Optimal control theory is an extremely versatile set of techniques that can be applied in many situations. Although optimal control entails many fields, the general idea is to use a feedback loop between an agent and a target system. Optimal control is applied to several quantum technologies, including the pulse shaping of gate designs in quantum circuits to minimize noise. Generally, the pulse shaping is a passive technique, whereby a classically computation takes place beforehand to find an optimal pulse without active feedback from a quantum system }. Gradient Ascent Pulse Engineering (GRAPE) is a powerful technique that uses gradient ascent and a nonlinear optimization solver, such as Broyden–Fletcher–Goldfarb–Shanno (BFGS) algorithm, to solve for a pulse shape to achieve a desired operation. Although powerful, the technique requires the simulation of quantum dynamics on a classical computer, which scales exponentially with quantum system size.

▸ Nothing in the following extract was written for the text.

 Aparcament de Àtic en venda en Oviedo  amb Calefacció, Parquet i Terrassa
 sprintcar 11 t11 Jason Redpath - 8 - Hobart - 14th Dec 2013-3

Quantum optimal control deals with fitting pulses \(a_i(t)\), or \(a_{i,n}\) for a discrete solution, for a Hamiltonian \(H\) oftern written written in terms of a drift \(H_d\) and several control Hamiltonians \(H_{i}\) that are modulated by pulses. The dynamics is governed by

\[ \pdv{}{t}\ket{\psi} = \left(H_d + \sum_i a_i(t)H_{i} \right)\ket{\psi}. \]

Many factors play into the quality of pulses, including time, amplitude, shape, as well as hardware-specific limitations in sampling rate.

Python Example

import qutip as qp

T = 1
times = np.linspace(0, T, 100)


H = np.array([[1, 1], [1, -1]]) / np.sqrt(2)

H0 = 0 * np.pi * qp.sigmaz()


R = 150
H_ops = [qp.sigmax(), qp.sigmay()]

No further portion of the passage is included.